Non è molto difficile tracciare collegamenti tra l’Armatron, un robot incredibilmente analogico, e le macchine altamente avanzate che oggi imparano a muoversi in modi incredibilmente nuovi, grazie a progressi dell’intelligenza artificiale come la computer vision e l’apprendimento per rinforzo.
Paulos vede dei parallelismi tra i problemi che affrontava da bambino con il suo Armatron e quelli che i ricercatori cercano di affrontare ancora oggi: “Cosa succede quando si prendono in mano degli oggetti che sono troppo pesanti, ma che si riesce a sollevare se si affrontano da diverse angolazioni? O come si afferrano le cose? Ancora oggi la ricerca utilizza l’intelligenza artificiale per cercare di capire come afferrare in modo ottimale gli oggetti che [un robot] vede in un cestino o nel mondo”.

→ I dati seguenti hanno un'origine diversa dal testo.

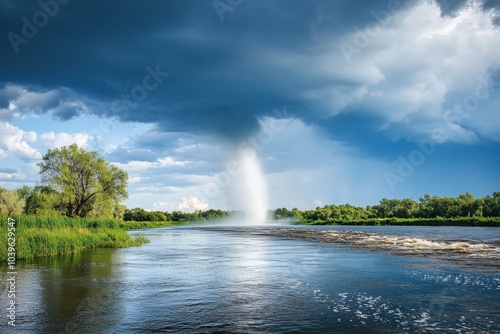 A mesmerizing waterspout emerges under a bright sky over a wide river, juxtaposing the peaceful waters with the dynamic swirl of nature's raw power and beauty.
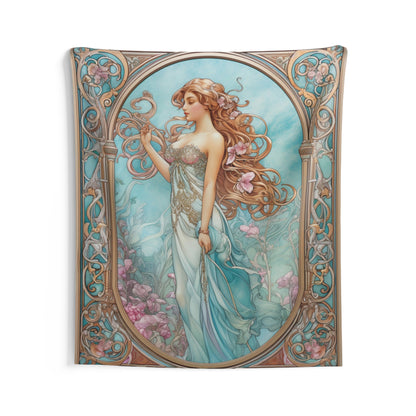 Art Nouveau Tapestry, Vintage Lady Wall Art Hanging Cool Unique Vertical Aesthetic Large Small Decor Bedroom College Dorm Room Starcove Fashion
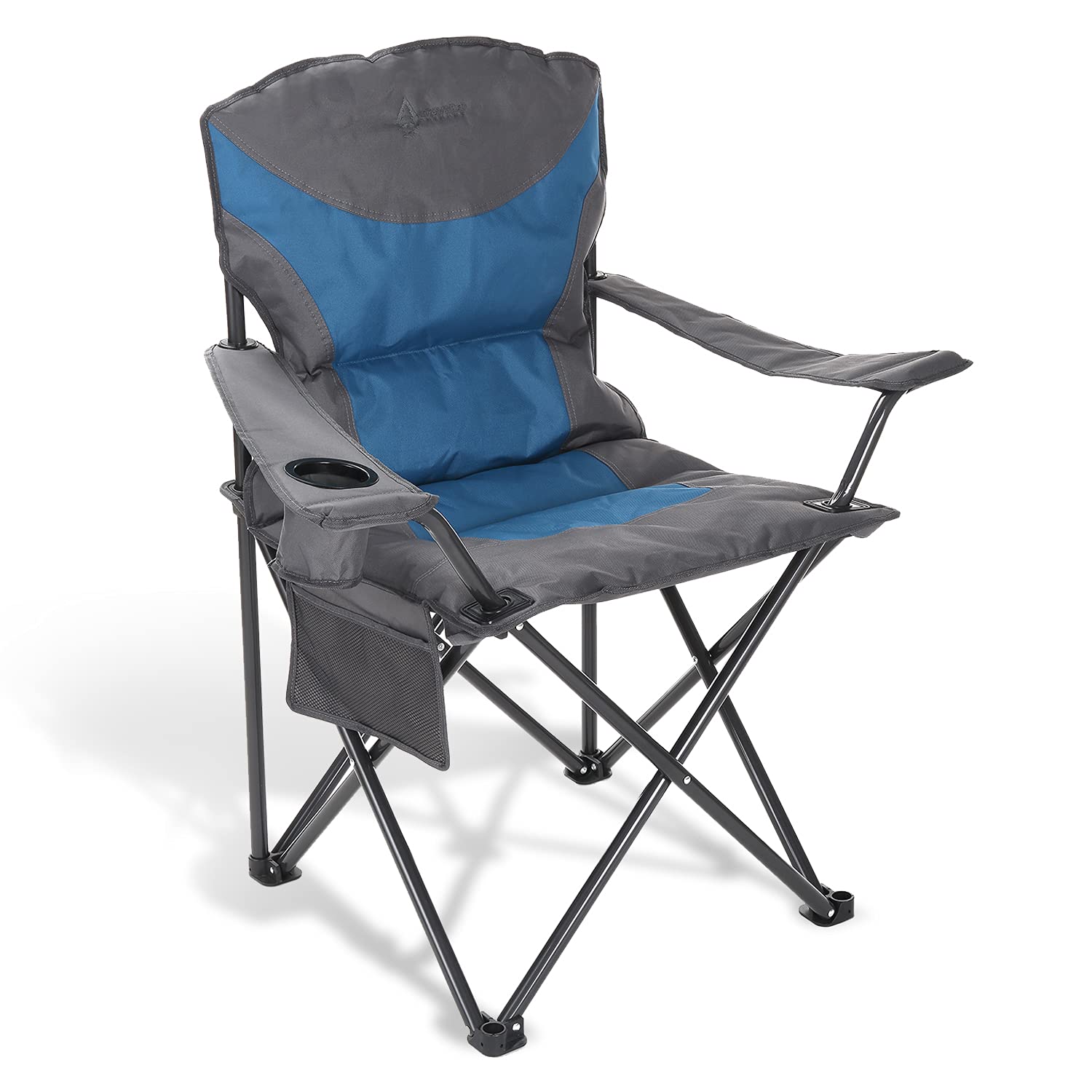 ARROWHEAD OUTDOOR Ultra-Comfortable Portable Folding Camping Quad Chair with Padded Armrests, Cup-Holder, Heavy-Duty Carrying Bag, Supports 330lbs, USA-Based Support (Blue & Gray) - Perfect for Camping, Backyard Relaxation, and Outdoor Events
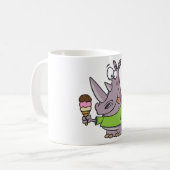 Grappige Cartoon neushoorn eten Ice Cream Cute Ani Koffiemok (Voorkant links)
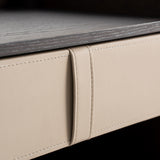 Tahua Oak Wood Bedside Table Beige Leatherette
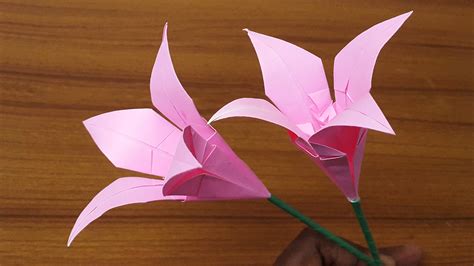 Colors Paper Paper Lily Flower Making Easy Origami Lily Origami Flower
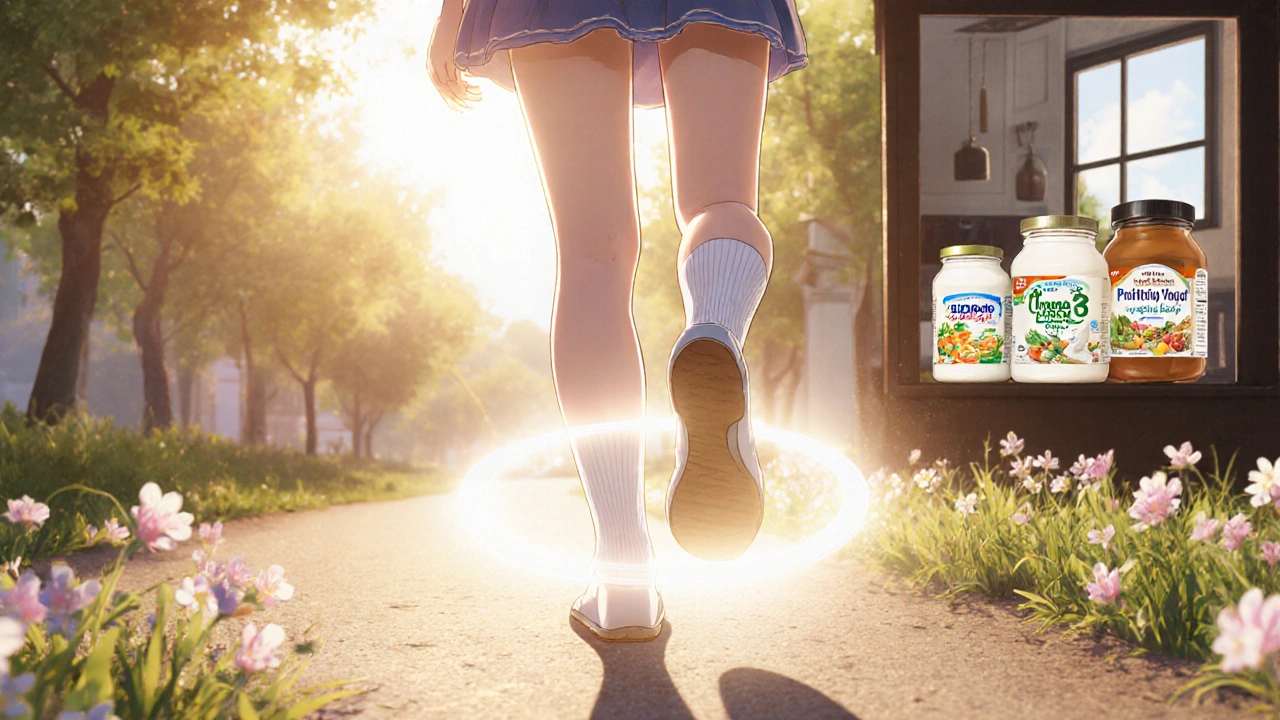 Bishoujo girl walks outdoors with healthy feet, glowing aura, wearing breathable socks.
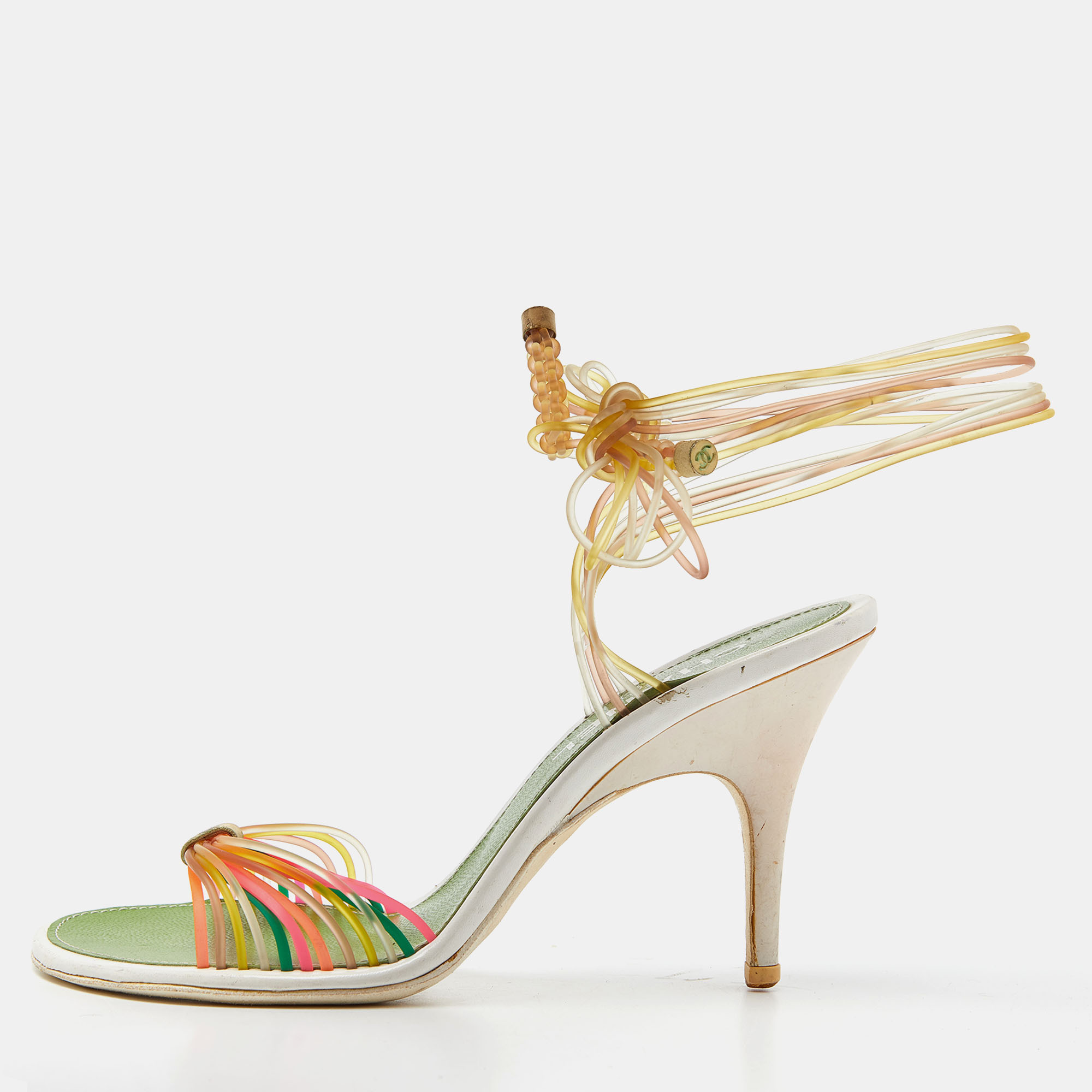 Pre-owned Chanel Multicolor Rubber Cc Ankle Tie Sandals Size 36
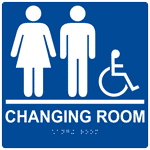 ADA Changing Room Braille Sign RRE-14775-99_WHTonBLU Wayfinding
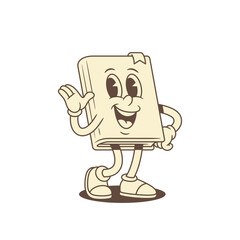 Cute childish book cartoon character waving hand hello vector illustration. Comic happy minimalist literature library reading education mascot greeting hi positive emotion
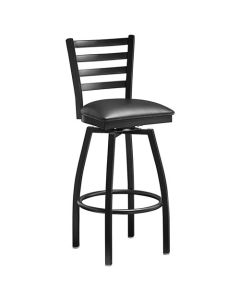Omcan 47161 Metal Frame Ladder Back Bar Height Swivel Chair with Black Vinyl Seat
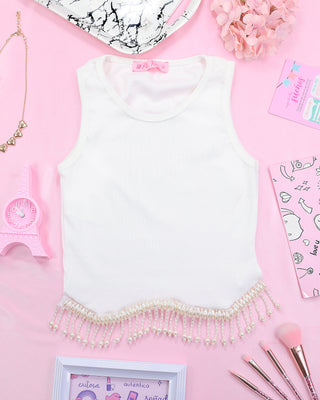 Blusa corta básica blanco en rib con aplique de perlas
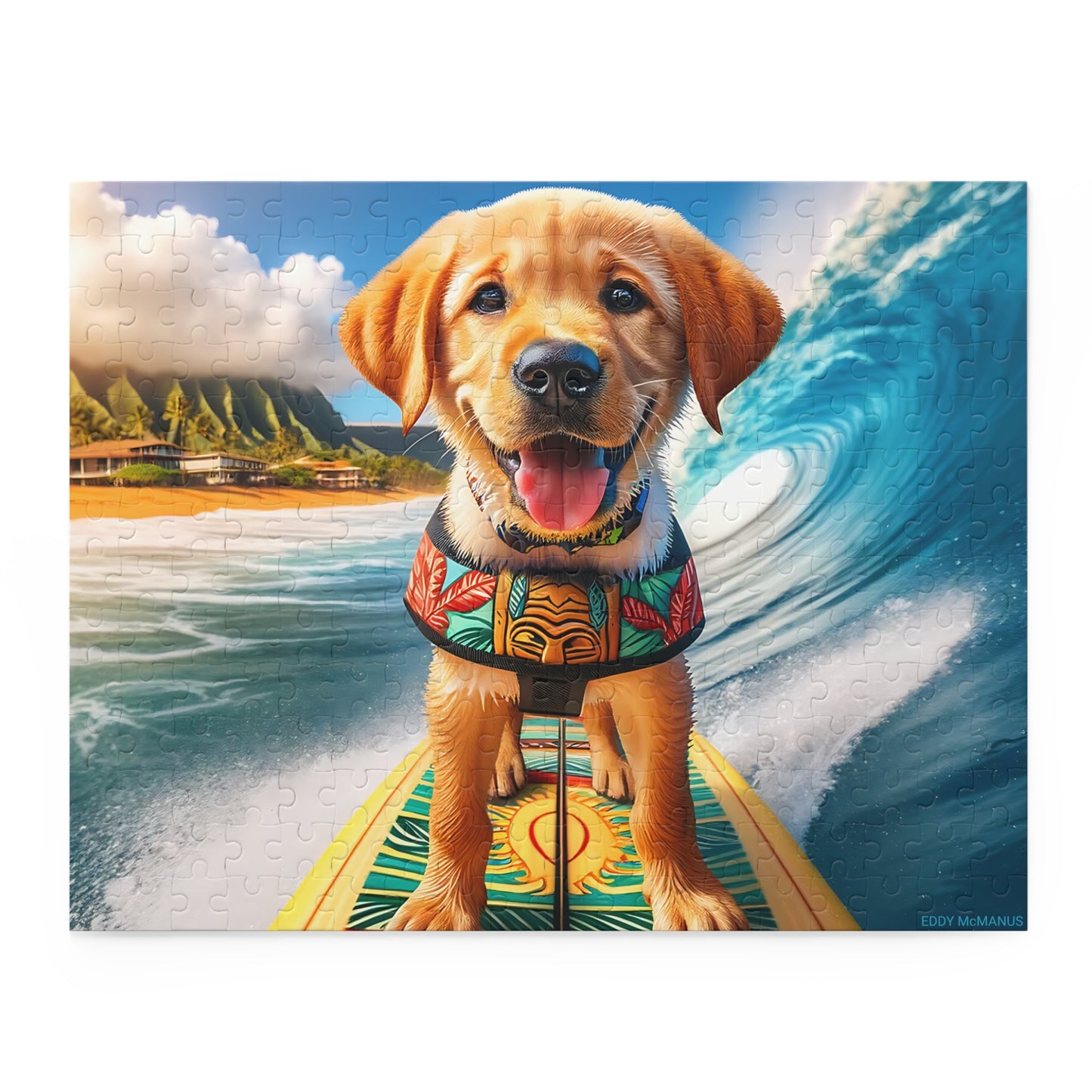 Surf Pups! Surfing Labrador Puppy Puzzle 3 - (120, 252, 500-Piece)
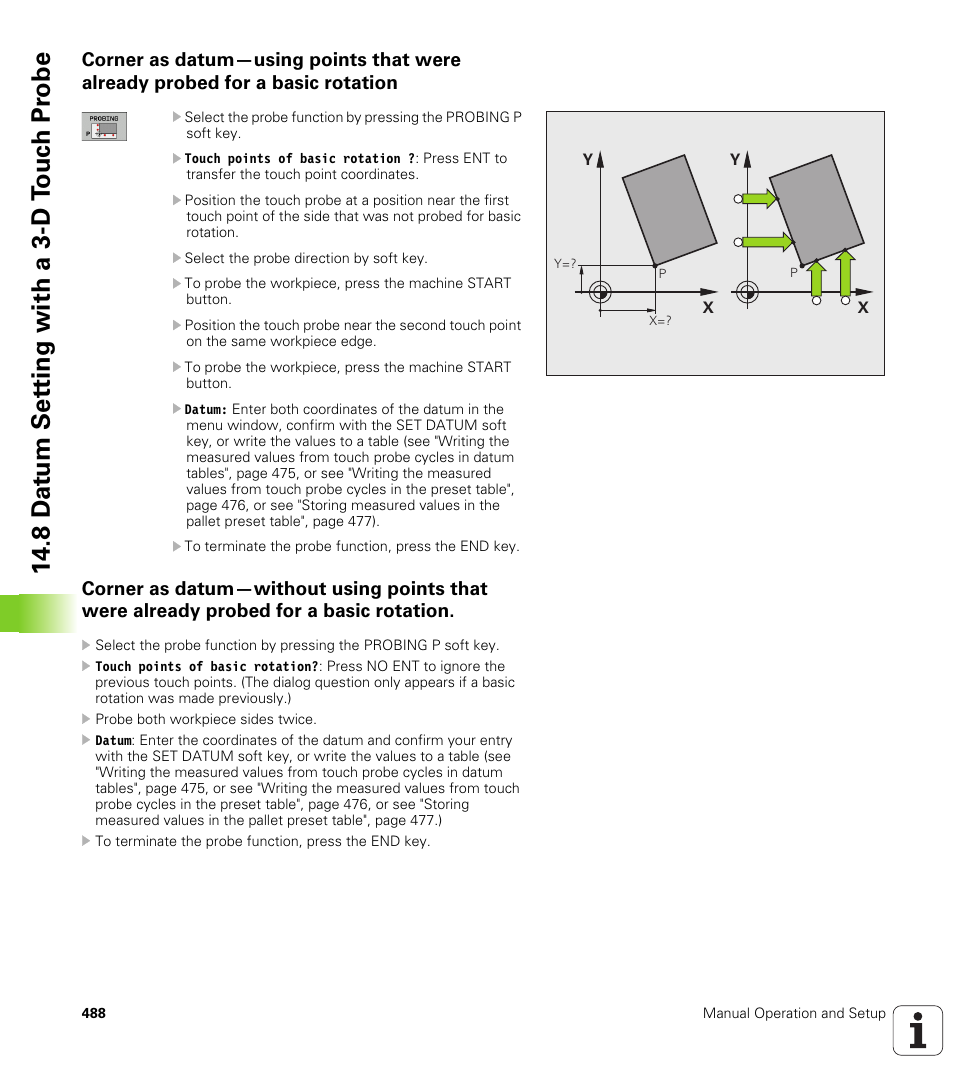 8 d a tum set ting with a 3-d t o uc h pr obe | HEIDENHAIN iTNC 530 (340 49x-06) ISO programming User Manual | Page 488 / 640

Anche se l’intelligenza artificiale sta conquistando il mondo della robotica, il settore richiede ancora ingegneri, costruttori e artigiani che sappiano risolvere i problemi nel mondo fisico.

Una pagina del catalogo Radio Shack del 1984, con l’Armatron a 31,95 dollari.
PER GENTILE CONCESSIONE DI RADIOSHACKCATALOGS.COM
L’Armatron incoraggiava i bambini a esplorare questi meccanismi analogici, ricordando che non tutte le scoperte avvengono sullo schermo di un computer. E questa curiosità pratica non è svanita. Oggi, una nuova generazione di appassionati sta riscoprendo l’Armatron attraverso comunità online e modifiche fai-da-te. Su YouTube sono disponibili decine di video sull’Armatron, tra cui uno in cui il braccio è stato modificato per funzionare con l’energia a vapore.
“Sono molto felice di vedere che le persone che amano i meccanismi sono stupite”, mi ha detto Watanabe. “Sono davvero felice che ci siano ancora persone là fuori che amano i nostri prodotti in questo modo”.
Jon Keegan scrive di tecnologia e IA e pubblica Beautiful Public Data, una raccolta curata di set di dati governativi (beautifulpublicdata.com).